#### TASK DETAILS
Please copy every record below exactly, leaving out the pictures.

#### INFORMATION
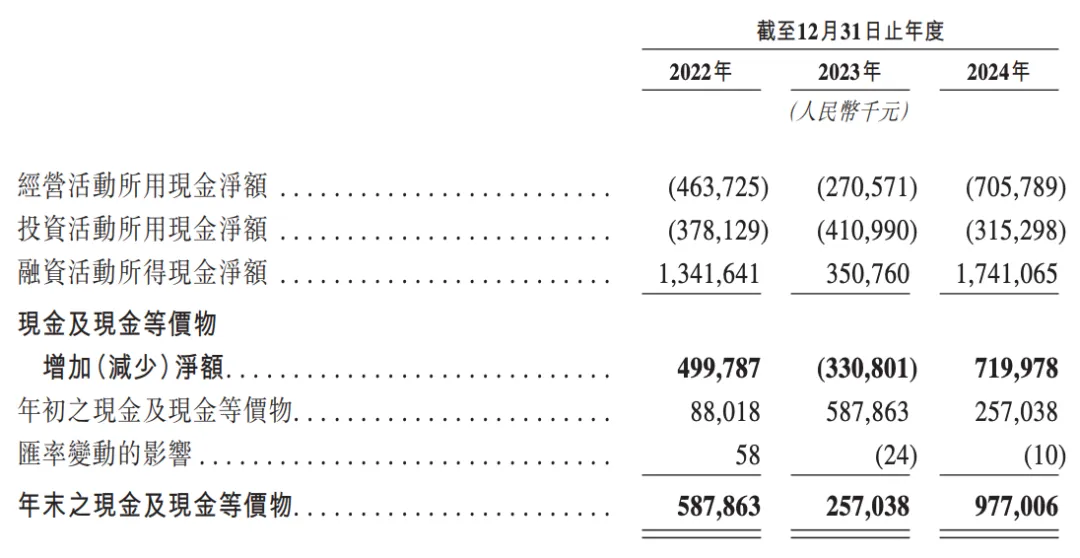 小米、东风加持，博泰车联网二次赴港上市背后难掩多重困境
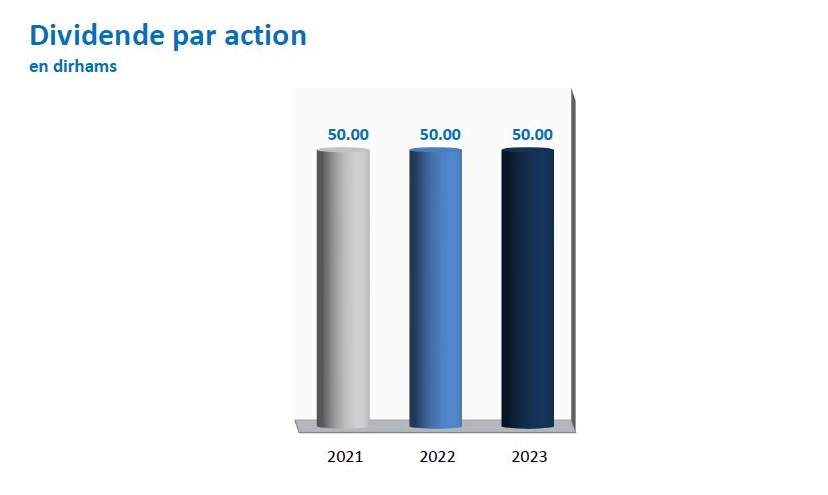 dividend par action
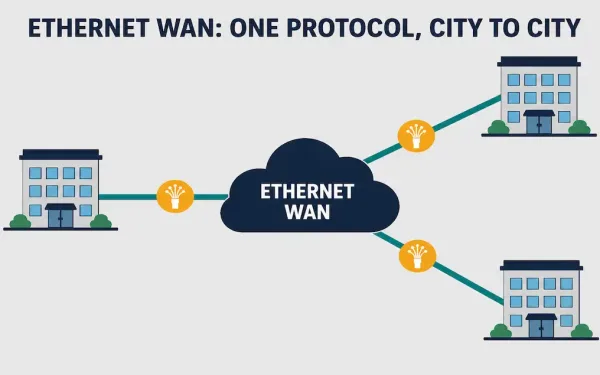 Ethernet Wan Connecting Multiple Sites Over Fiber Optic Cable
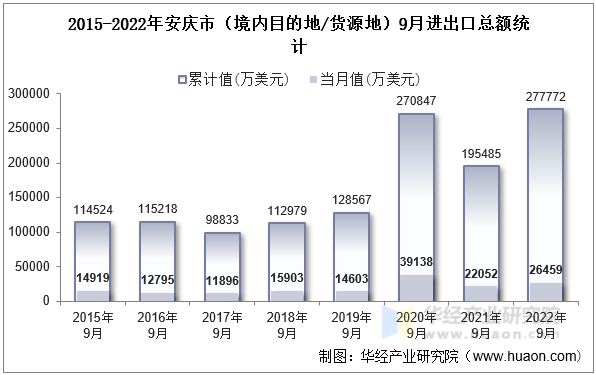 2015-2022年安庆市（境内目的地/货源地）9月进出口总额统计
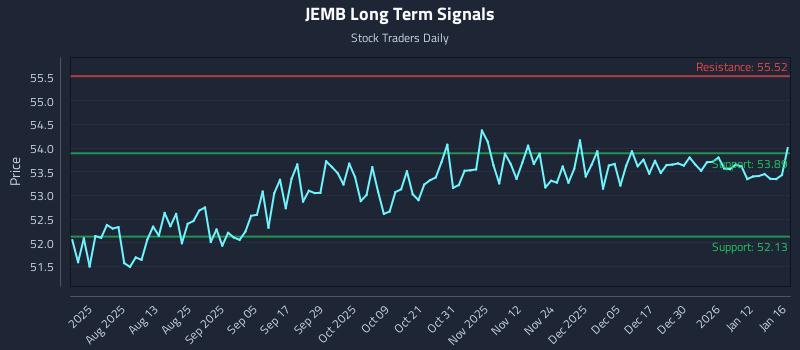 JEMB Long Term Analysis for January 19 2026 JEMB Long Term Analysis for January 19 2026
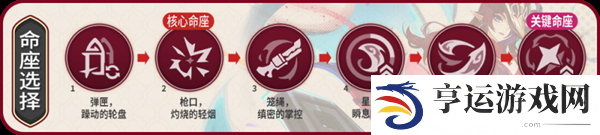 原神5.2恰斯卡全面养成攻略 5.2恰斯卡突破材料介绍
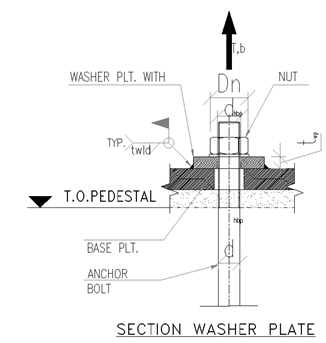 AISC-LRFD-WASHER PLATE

#### TASK RESULT
 小米、东风加持，博泰车联网二次赴港上市背后难掩多重困境
 dividend par action
 Ethernet Wan Connecting Multiple Sites Over Fiber Optic Cable
 2015-2022年安庆市（境内目的地/货源地）9月进出口总额统计
 JEMB Long Term Analysis for January 19 2026 JEMB Long Term Analysis for January 19 2026
 原神5.2恰斯卡全面养成攻略 5.2恰斯卡突破材料介绍
 AISC-LRFD-WASHER PLATE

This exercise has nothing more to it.